I am working with large polars dataframes which are fully loaded in memory. Each row is uniquely indexed by columns entityId (Int64) and entryDate (date).
I know poalars does not have indexes, but I still need to do ad-hoc look-ups of data against these tables, and it is frequent enough that it's taking a non-trivial % of my application's runtime.
Currently I am finding these rows by using .filter
def locate(df, entityId, entryDate)->pl.DataFrame:
return df.filter(pl.col('entityId')==entityId).filter(pl.col('entryDate') == entryDate)
This is fairly fast, but it still takes 50 to 100ms to look up a row.
Are there any optimizations I'm missing?
Some things I tried:
.lazy
/ .collect
(no change)I'm on polars 0.17.12
I'm going to start with
size=1000000
df=pl.DataFrame({'entityId':np.random.randint(0,200,size=size),
'entryDate':[datetime(2022,1,1).date() + timedelta(days=int(np.random.randint(1,200,1)[0])) for _ in range(size)],
'blah':np.random.random(size=size)})
%%timeit
df.filter(pl.col('entityId')==34).filter(pl.col('entryDate')==datetime(2022,2,16).date())
1.45 ms ± 14 µs per loop
That's the benchmark.
The first improvement you can make is to combine your filters instead of chaining them...
%%timeit
df.filter((pl.col('entityId')==34) & (pl.col('entryDate')==datetime(2022,2,16).date()))
996 µs ± 16.6 µs per loop
Now let's try to sort the columns...
df=df.sort(['entityId', 'entryDate'])
After sorting...
%%timeit
df.filter(pl.col('entityId')==34).filter(pl.col('entryDate')==datetime(2022,2,16).date())

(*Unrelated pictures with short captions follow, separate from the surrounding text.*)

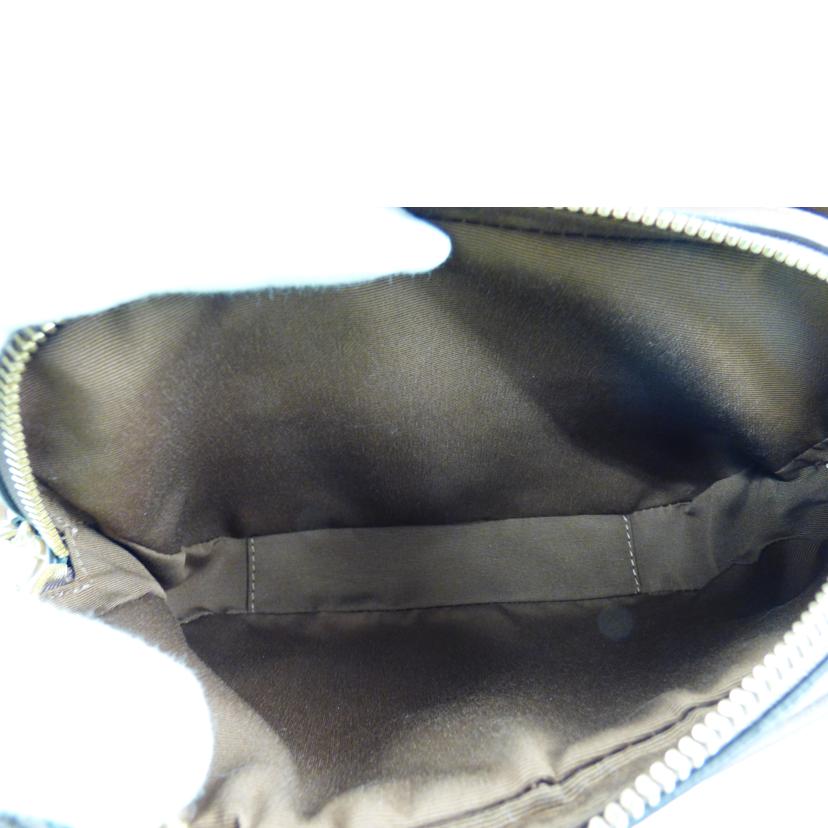 COACH コーチ/ショルダーバッグ/68168//A2279/Aランク/64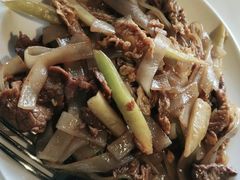 -食肆&Fourteen(武林夜市店)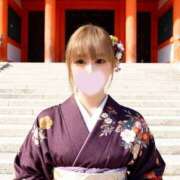 ヒメ日記 2026/01/01 07:30 投稿 うた 人妻密会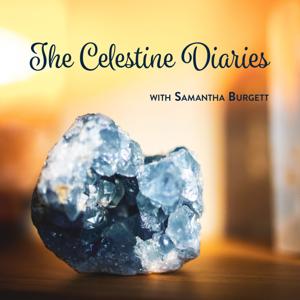 The Celestine Diaries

1.33 ms ± 23.7 µs per loop
barely an improvement over the initial 1.45ms
%%timeit
df.filter((pl.col('entityId')==34) & (pl.col('entryDate')==datetime(2022,2,16).date()))

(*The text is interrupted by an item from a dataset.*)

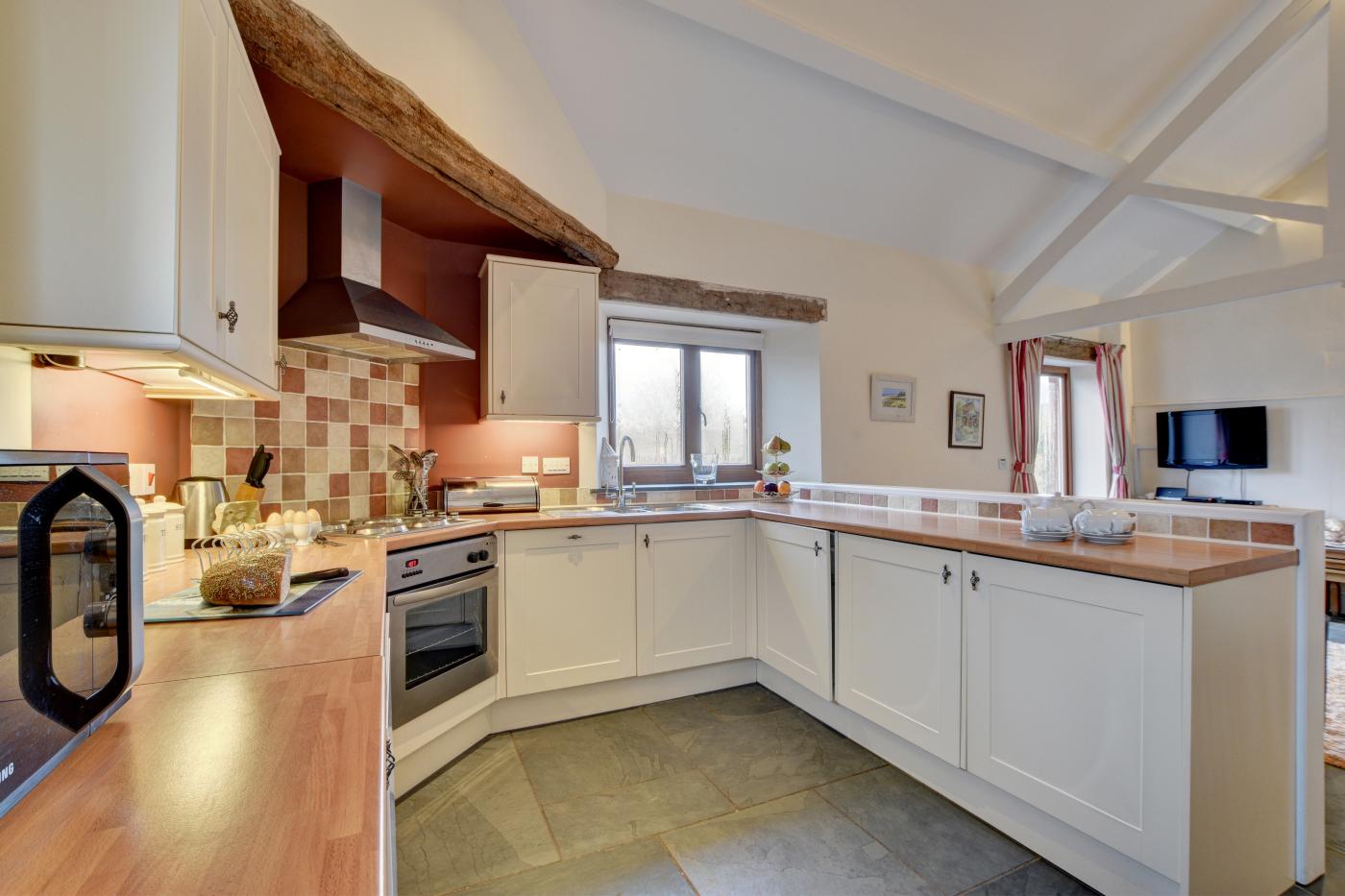 Property image 7 for HC258253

1.04 ms ± 35.5 µs per loop
not sure why that took longer on average although they overlap in 1 std dev so basically the same.
now let's try making a struct column out of the two columns which we'll call INDEX
df=df.select(pl.struct(['entityId', 'entryDate']).alias('INDEX'), pl.exclude(['entityId', 'entryDate'])).sort('INDEX')
%%timeit
df.filter((pl.col('INDEX').struct.field('entityId')==34) & (pl.col('INDEX').struct.field('entryDate')==datetime(2022,2,16).date()))
946 µs ± 18.4 µs per loop
That's a slight improvement.
Let's try partitioning the df by entityId
dfdicts=df.unnest('INDEX').partition_by('entityId',as_dict=True)
%%timeit
dfdicts[34].filter(pl.col('entryDate')==datetime(2022,2,16).date())
445 µs ± 6.51 µs per loop
That's a big improvement!! Let's try partitioning the other way
dfdicts2=df.unnest('INDEX').partition_by('entryDate',as_dict=True)
%%timeit
dfdicts2[datetime(2022,2,16).date()].filter(pl.col('entityId')==34)
382 µs ± 7.23 µs per loop
The search_sorted
trick only works when you want to get a single row and in my random data it's been returning multiple rows. However if you're only looking to get a single row you could do
%%timeit
startrow=dfdicts2[datetime(2022,2,16).date()].get_column('entityId').search_sorted(34, side='left')
dfdicts2[datetime(2022,2,16).date()].slice(startrow, 1)
333 µs ± 8.31 µs per loop
There's a slight improvement in the search_sorted
trick against the regular filter but not as big as here
I'm guessing that since that answer was posted that filter
was made to be much more efficient so that's one reason why there's not much of an improvement. In this case the improvement might just be because it's only returning one row.
TL;DR
If you've got enough memory then partition by one of the columns, try both since the size will matter on which will give better performance. The search_sorted
trick will only work on numbers, not dates, so it'll only be available if you partition by the date field. If you don't have the memory for the partition_by then combining your columns into a sorted struct plus keeping both filter expressions in one call to filter then that should be the next best. You can easily unnest('INDEX')
to get the original shape back.
As an aside If you can refactor whatever you're doing downstream into a groupby.agg and/or join then that would probably be much better in particular because of parallelization.